What This Actually Means
I’m a banker who owns vending machines. My girlfriend is 1,000 miles away finishing residency. I spend Tuesday nights driving around LA with a car full of candy. My garage looks like a 7-Eleven stockroom. This isn’t the life I planned at Wharton.
But those machines fund our relationship (flights aren’t cheap), give me purpose beyond analyzing loan covenants, and prove that building something is possible even with a demanding job and complicated life. When I’m sitting in another pointless Wells Fargo meeting about regulatory compliance, my phone buzzes with sale notifications. Twenty-three sales during that last quarterly review. That’s $76 in profit while executives debated PowerPoint formatting.
Emma and I have a shared spreadsheet tracking the business metrics. She jokes that she knows more about my vending machines than some of her patients. But she also knows that those machines are funding our future, one overpriced bag of chips at a time.

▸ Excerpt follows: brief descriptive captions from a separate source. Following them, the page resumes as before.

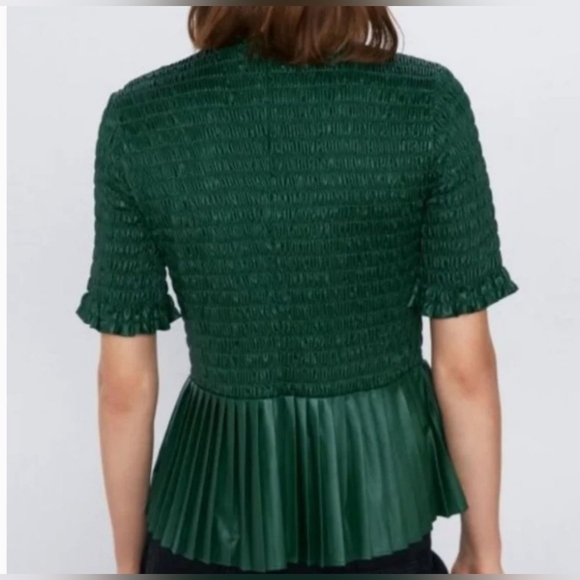 Zara Women's Top S Green Smocked Peplum - Picture 2 of 8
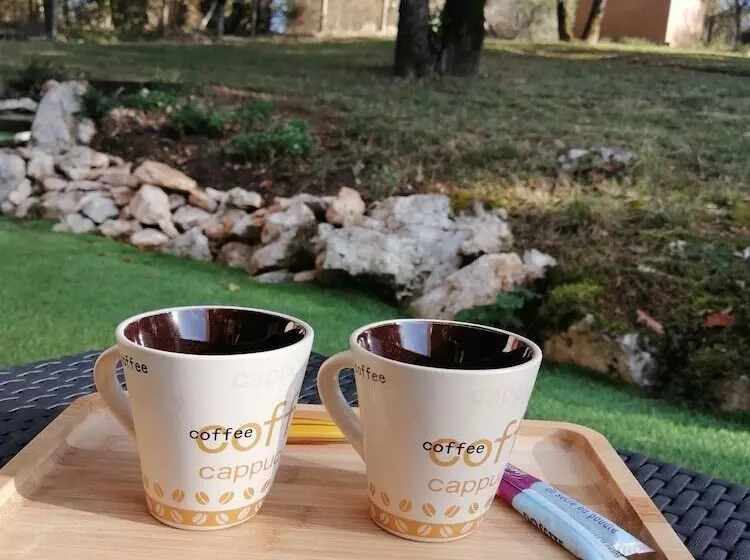 Majatalo Lapausedegout Piscine Chambres Climatisées Terrasse Ou Patio
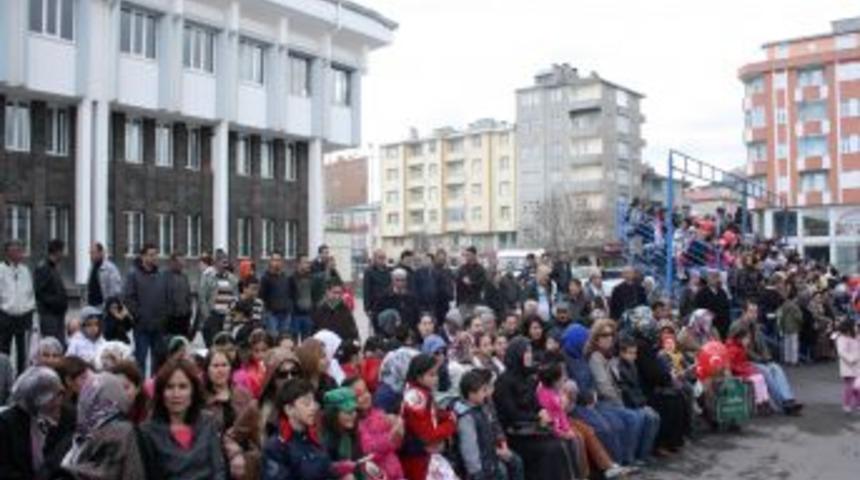 Kars'ta 23 Nisan Soğuk Havada Kutlandı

Next week, I’m adding three machines at a new WeWork in El Segundo. The week after, flying to Seattle for Emma’s white coat ceremony. The machines will keep selling while I’m gone. That’s as passive as income gets when you’re an overscheduled banker in a long-distance relationship trying to build something beyond a Wells Fargo pension.
Is it glamorous? No. Is it truly passive? Also no. But is it real, profitable, and possible while living a complicated life? Absolutely. And every time someone pays $2.50 for a Snickers that cost me $0.60, I get one step closer to a life where Emma and I are in the same city and my income doesn’t depend entirely on wearing a suit and pretending to care about Basel III compliance.
The American dream isn’t dead. It just looks like a commercial banker driving around LA at midnight with a trunk full of energy drinks, FaceTiming his girlfriend in Seattle while she studies for boards, building an empire one vending machine at a time.